Source data

◇ ◇ ◇ ◇ ◇ ◇ ◇

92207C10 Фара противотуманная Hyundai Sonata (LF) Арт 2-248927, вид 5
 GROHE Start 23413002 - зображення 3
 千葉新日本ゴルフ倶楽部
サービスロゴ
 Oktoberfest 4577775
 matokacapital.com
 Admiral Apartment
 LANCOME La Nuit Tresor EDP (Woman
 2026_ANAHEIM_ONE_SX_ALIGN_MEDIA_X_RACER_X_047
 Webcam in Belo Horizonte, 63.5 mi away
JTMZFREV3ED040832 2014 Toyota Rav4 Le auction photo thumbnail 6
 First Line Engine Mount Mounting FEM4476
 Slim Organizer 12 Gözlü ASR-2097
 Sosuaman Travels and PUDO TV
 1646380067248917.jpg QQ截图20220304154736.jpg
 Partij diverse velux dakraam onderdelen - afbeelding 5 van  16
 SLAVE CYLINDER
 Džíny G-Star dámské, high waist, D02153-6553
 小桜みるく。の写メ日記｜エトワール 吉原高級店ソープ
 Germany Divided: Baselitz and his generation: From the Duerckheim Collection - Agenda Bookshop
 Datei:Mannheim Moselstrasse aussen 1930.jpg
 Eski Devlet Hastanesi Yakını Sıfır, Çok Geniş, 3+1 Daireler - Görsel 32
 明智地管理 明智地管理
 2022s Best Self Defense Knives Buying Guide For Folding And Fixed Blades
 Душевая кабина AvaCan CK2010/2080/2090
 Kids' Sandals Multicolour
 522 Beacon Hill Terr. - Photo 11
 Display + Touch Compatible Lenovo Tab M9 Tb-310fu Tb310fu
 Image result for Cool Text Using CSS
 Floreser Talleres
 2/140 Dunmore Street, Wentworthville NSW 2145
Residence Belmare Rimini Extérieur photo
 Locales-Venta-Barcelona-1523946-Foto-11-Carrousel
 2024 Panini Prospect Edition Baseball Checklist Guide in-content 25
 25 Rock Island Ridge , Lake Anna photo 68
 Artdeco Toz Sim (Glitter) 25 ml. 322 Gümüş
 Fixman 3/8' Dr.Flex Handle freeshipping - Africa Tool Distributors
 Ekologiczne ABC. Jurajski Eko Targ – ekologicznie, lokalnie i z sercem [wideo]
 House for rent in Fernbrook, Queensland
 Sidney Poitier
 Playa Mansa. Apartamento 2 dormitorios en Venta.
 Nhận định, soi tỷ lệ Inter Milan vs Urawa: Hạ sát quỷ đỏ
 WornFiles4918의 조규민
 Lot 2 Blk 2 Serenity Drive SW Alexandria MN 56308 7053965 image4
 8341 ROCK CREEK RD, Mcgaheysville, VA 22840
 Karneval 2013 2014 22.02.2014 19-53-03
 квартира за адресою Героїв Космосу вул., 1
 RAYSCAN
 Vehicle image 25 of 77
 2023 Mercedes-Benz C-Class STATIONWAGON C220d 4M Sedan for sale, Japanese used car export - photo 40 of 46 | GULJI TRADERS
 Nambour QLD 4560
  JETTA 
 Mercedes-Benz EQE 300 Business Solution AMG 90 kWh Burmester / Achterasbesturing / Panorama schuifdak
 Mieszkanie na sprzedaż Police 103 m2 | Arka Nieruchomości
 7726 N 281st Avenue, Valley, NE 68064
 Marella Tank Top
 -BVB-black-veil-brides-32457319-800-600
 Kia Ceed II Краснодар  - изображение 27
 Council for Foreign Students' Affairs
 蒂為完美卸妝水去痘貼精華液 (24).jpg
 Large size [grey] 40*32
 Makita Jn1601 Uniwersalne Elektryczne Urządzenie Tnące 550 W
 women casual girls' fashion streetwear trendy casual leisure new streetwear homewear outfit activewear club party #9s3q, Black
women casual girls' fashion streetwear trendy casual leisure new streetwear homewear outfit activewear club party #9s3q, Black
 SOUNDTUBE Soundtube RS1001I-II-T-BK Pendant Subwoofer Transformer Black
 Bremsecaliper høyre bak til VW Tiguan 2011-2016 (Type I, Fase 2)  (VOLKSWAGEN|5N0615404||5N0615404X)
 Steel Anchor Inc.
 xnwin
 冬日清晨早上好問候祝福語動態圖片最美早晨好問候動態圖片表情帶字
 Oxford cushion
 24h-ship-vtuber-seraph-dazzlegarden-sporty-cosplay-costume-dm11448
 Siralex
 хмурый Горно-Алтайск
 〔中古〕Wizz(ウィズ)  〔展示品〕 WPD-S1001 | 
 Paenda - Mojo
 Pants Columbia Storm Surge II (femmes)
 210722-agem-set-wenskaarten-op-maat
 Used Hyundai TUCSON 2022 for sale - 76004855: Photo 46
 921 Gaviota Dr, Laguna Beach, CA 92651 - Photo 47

◇ ◇ ◇ ◇ ◇ ◇ ◇

What the task requires
For the string "streetwear", show each line of the entries above where it occurs.

Result
 women casual girls' fashion streetwear trendy casual leisure new streetwear homewear outfit activewear club party #9s3q, Black
women casual girls' fashion streetwear trendy casual leisure new streetwear homewear outfit activewear club party #9s3q, Black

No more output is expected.